7.—(1) The Authority must not accredit an eligible installation as an accredited FIT installation where—
(a)the installation has a total installed capacity which exceeds the specified maximum capacity;
(b)the installation is an extension to—
(i)an accredited FIT installation; or
(ii)another installation using an eligible low-carbon energy source,
and the aggregate total installed capacity of the extension and the installation referred to in paragraph (i) or (ii) exceeds the specified maximum capacity; or
(c)electricity from the installation is or has been sold pursuant to a NFFO arrangement.
(2) The Authority must not accredit an eligible installation as an accredited FIT installation where it has good reason to believe that any generating equipment used at the installation has formed part of an installation previously accredited—
(a)under the ROO; or
(b)under this Part.
(3) Subject to paragraph (4) and to article 40(3), the Authority must not accredit an eligible installation as an accredited FIT installation unless the FIT generator has given notice to the Authority that—
(a)no grant from public funds has been made in respect of any of the costs of purchasing or installing the installation; or
(b)where any such grant has been made, the grant has been repaid to the person or authority which made it.

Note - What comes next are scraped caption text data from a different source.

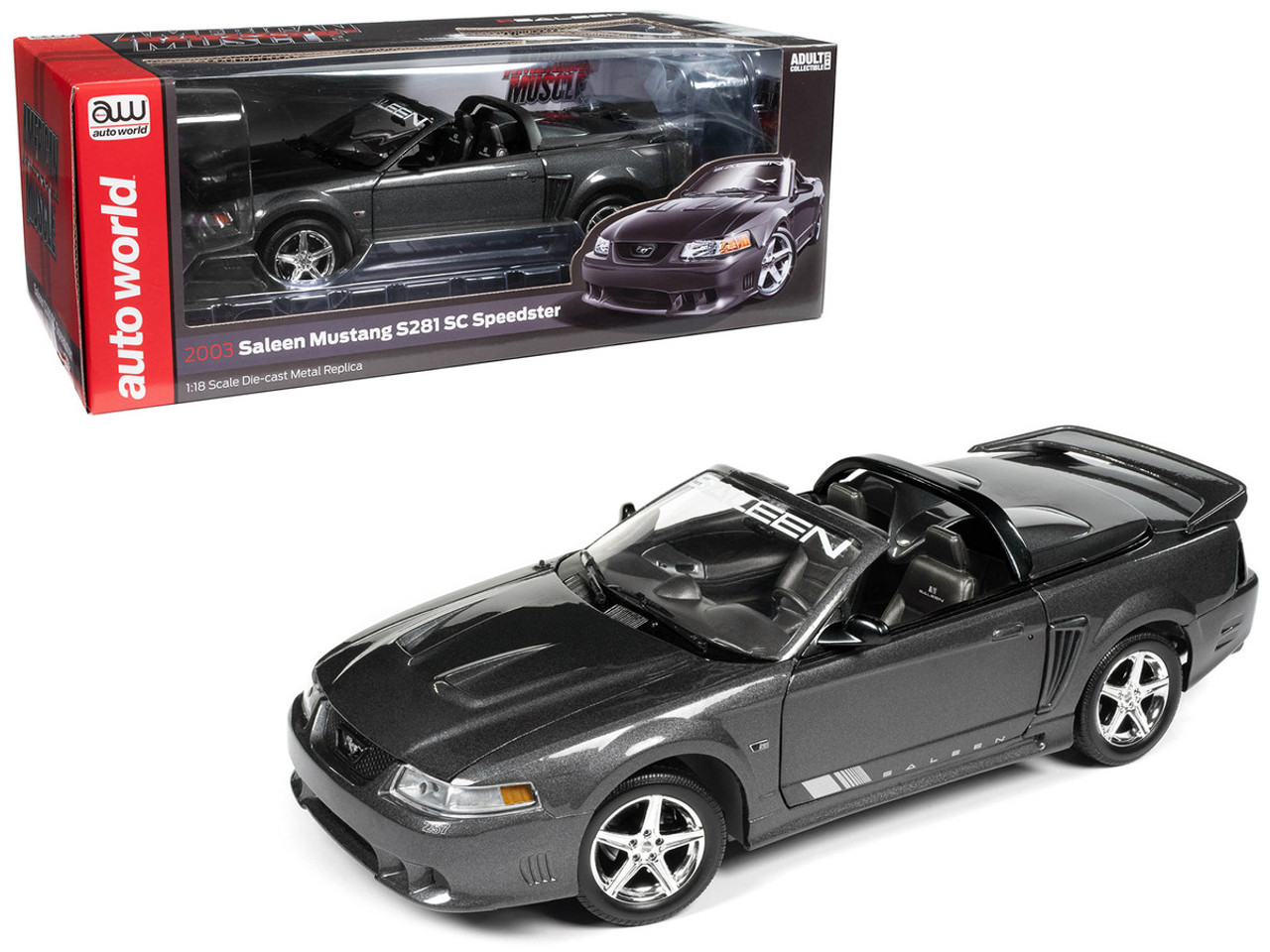 2003 Ford Mustang Saleen S281 SC Speedster Dark Shadow Gray Metallic American Muscle Series 1/18 Diecast Model Car by Auto World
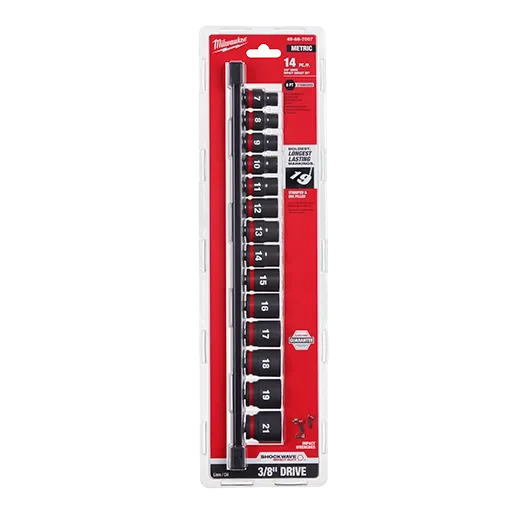 14Pc Metric 3/8" Dr. 6pt Shallow Impact Socket Set W/Rail [7mm-21mm] (Milwaukee)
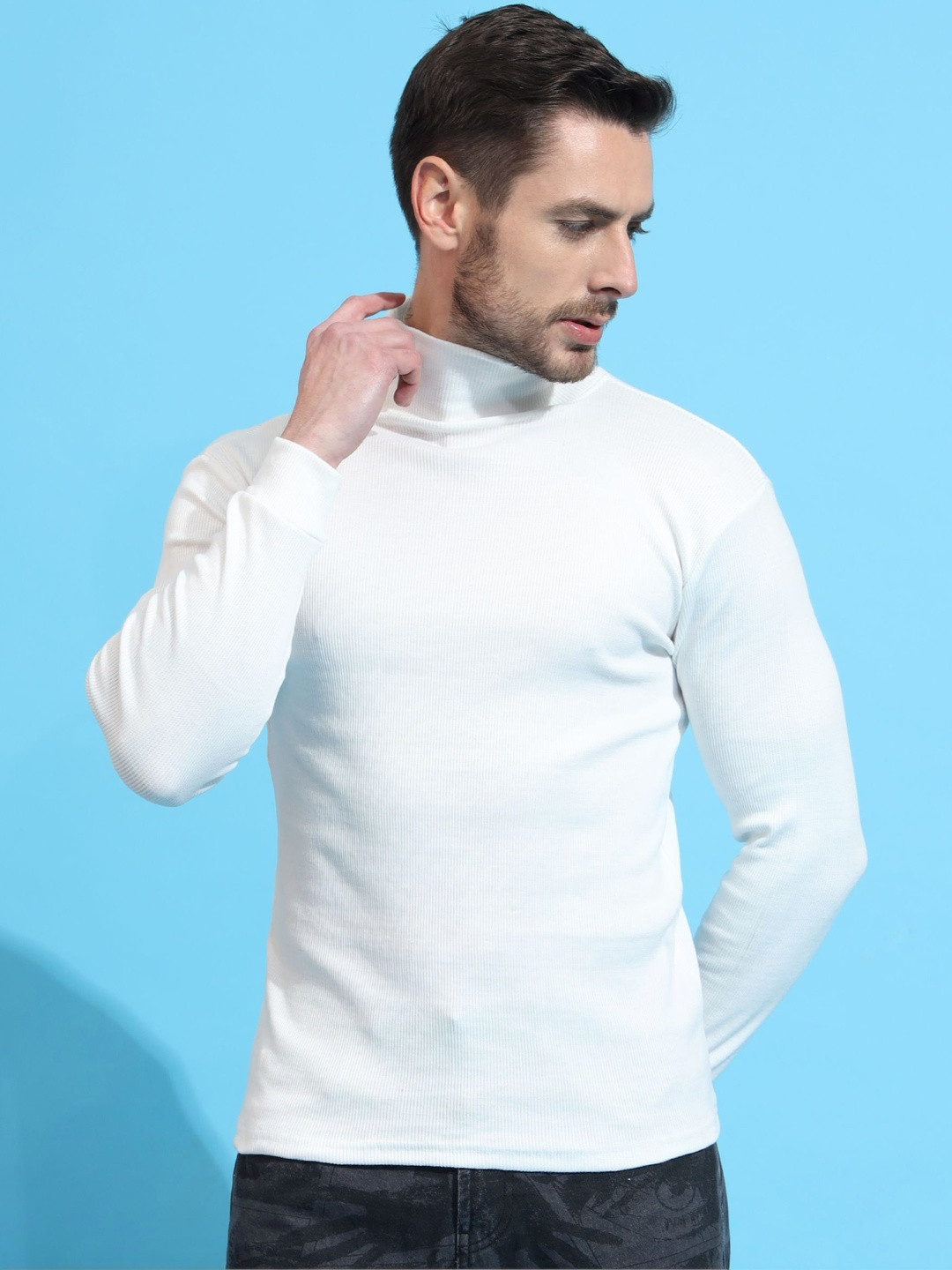 JUARI Men High Neck Slim Fit T-shirt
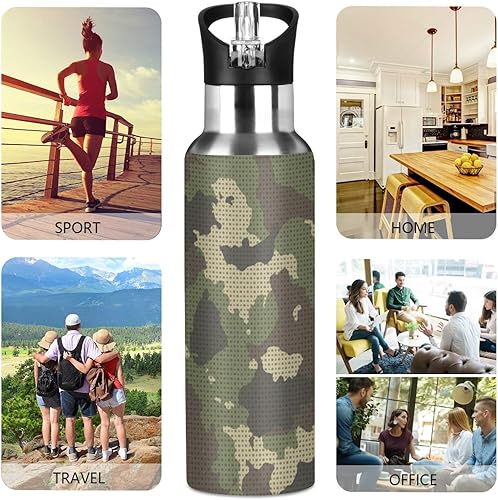 Miniatura 4 de Botella de agua de camuflaje con punto de camuflaje aislado al vacío, de acero inoxidable, botella de agua para niños con popote y asa para mantener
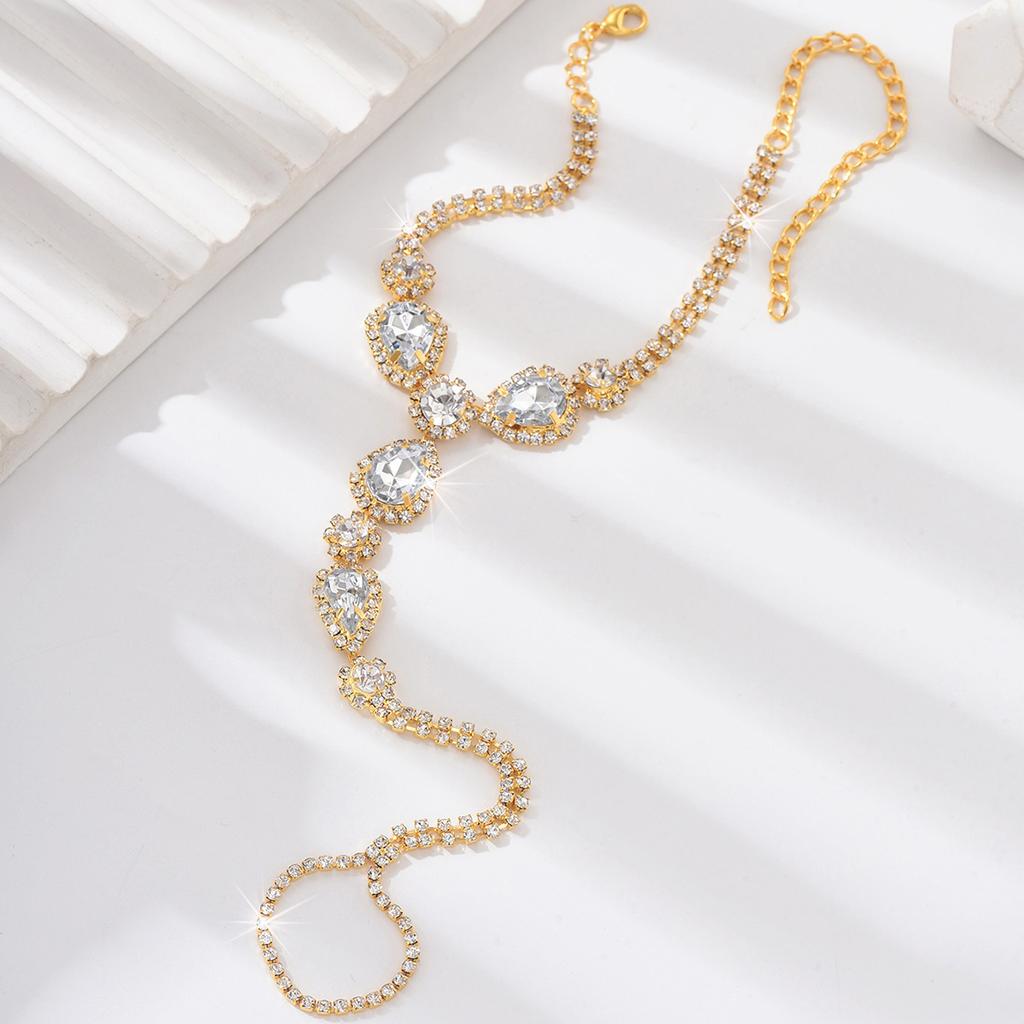 1PC Women's Fashion Trendy Waterdrop Foot Chain Zircon Accessories Suitable for Date, Party, Festival Gifts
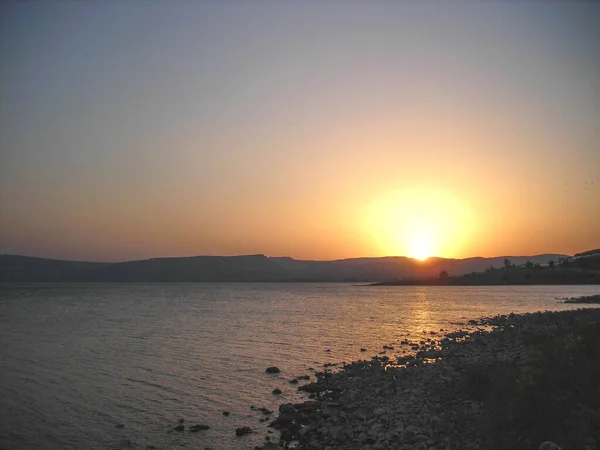 Piękny Zachód Słońca Nad Morzem Galilejskim Izraelu Obrazy Stockowe bez tantiem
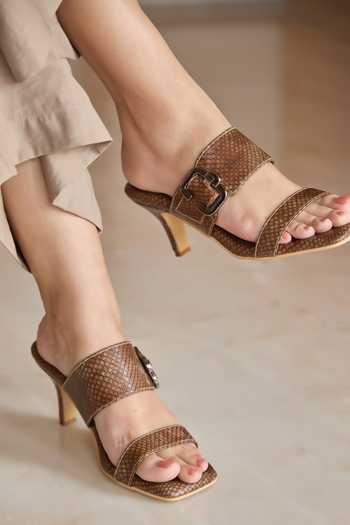 Miraki Textured Buckle Heels 
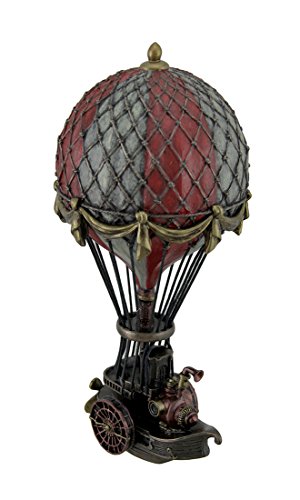 Estatua Pintada a Mano Globo Aerostático Steampunk miniatura 3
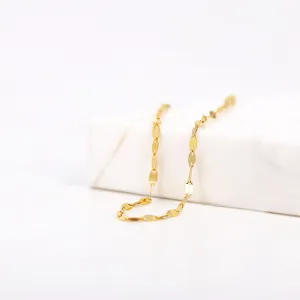 Simple 14K Gold Glitter Chain Anklet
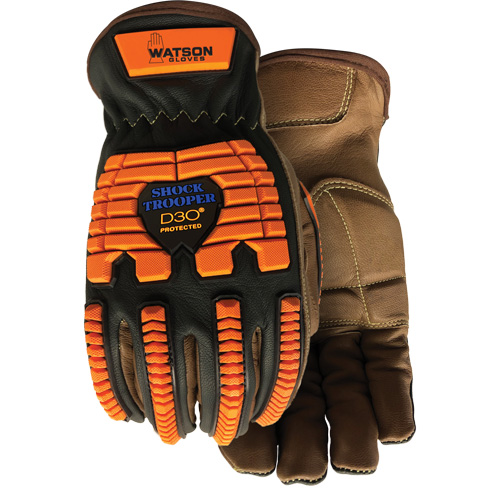 Gants antichocs Drill Sergeant, Grand, Paume en Cuir fleur, Poignet &agrave; enfiler Pronet Distribution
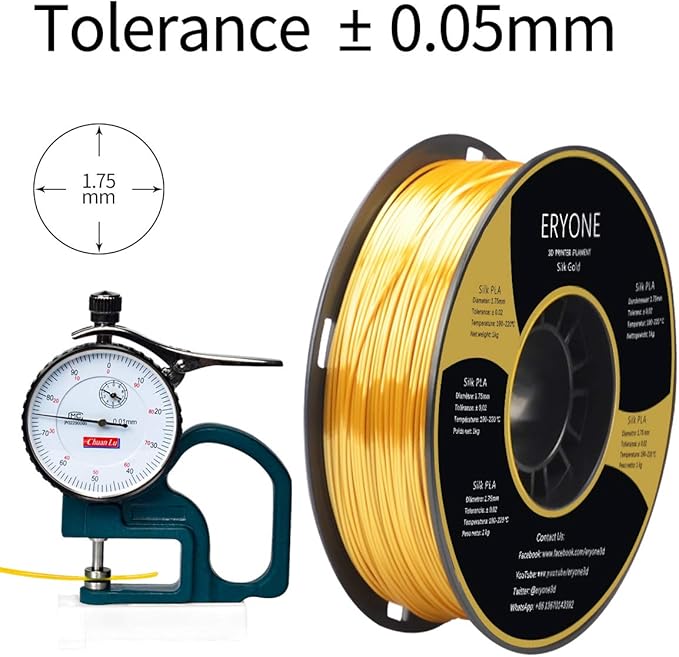 ERYONE Silk PLA Filament for 3D Printer, 1.75mm +/- 0.03mm, 1kg (2.1LBS)/Spool, Silk Glod - Image 2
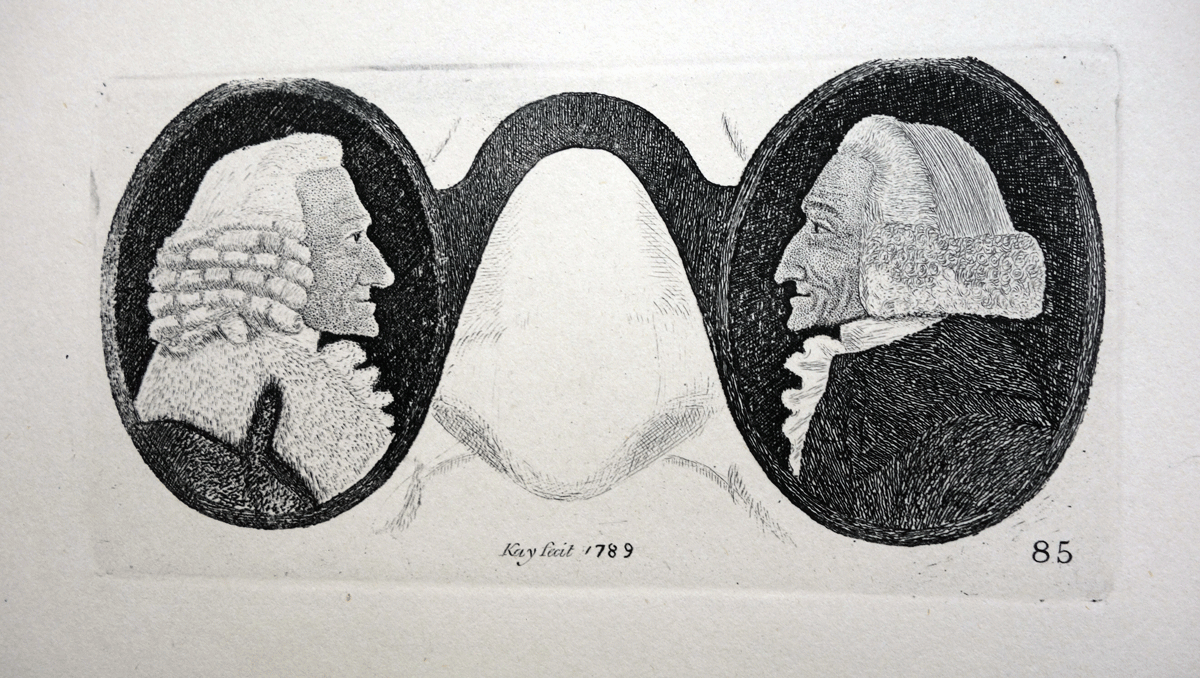 Voltaire, The French Philosopher and Mr Watson, An Edinburgh Messenger  John Kay etching 18c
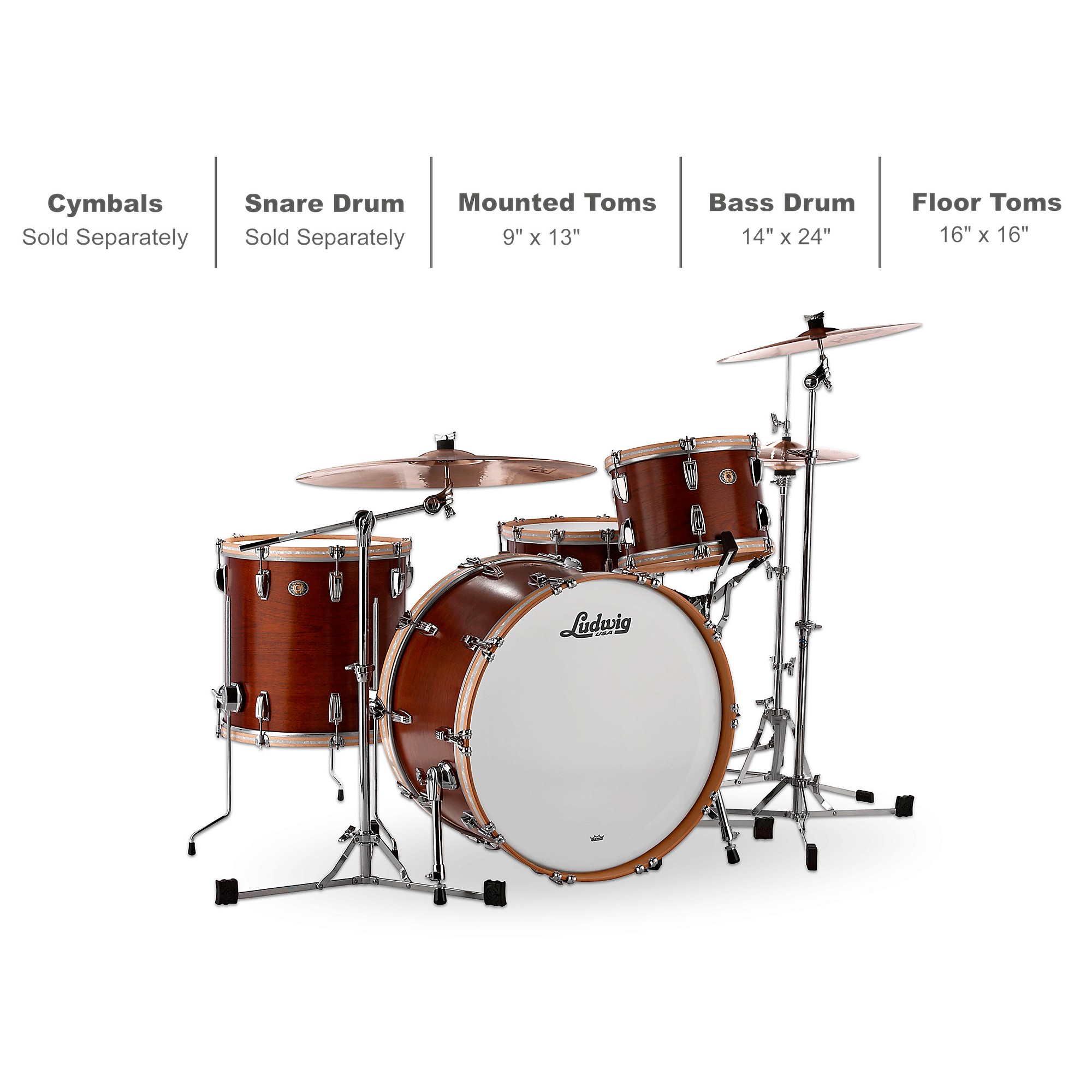 Ludwig 110th Anniversary Legacy Mahogany Van Buren Pro Beat Shell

(4) Paragraph (3) does not prohibit the Authority from accrediting an eligible installation where a grant referred to in paragraph (3) has been made and not repaid if the grant is a permitted grant.
(5) In this article—
“NFFO arrangement” has the meaning given to it in the ROO; and
“permitted grant” means a grant made in respect of the reasonable additional costs of an installation to avoid or mitigate environmental harm, where the amount of the grant does not exceed the amount of those costs.
8.—(1) Paragraph (3) applies once the Authority has accredited 30,000 relevant eligible installations.
(2) “Relevant eligible installation” means an installation which—
(a)uses combined heat and power as an eligible low-carbon energy source; and
(b)is powered by fossil fuel.
(3) Where this paragraph applies, the Authority must not accredit any more relevant eligible installations.
(4) In this article, “fossil fuel” has the meaning given to it by section 100(3) of the Act.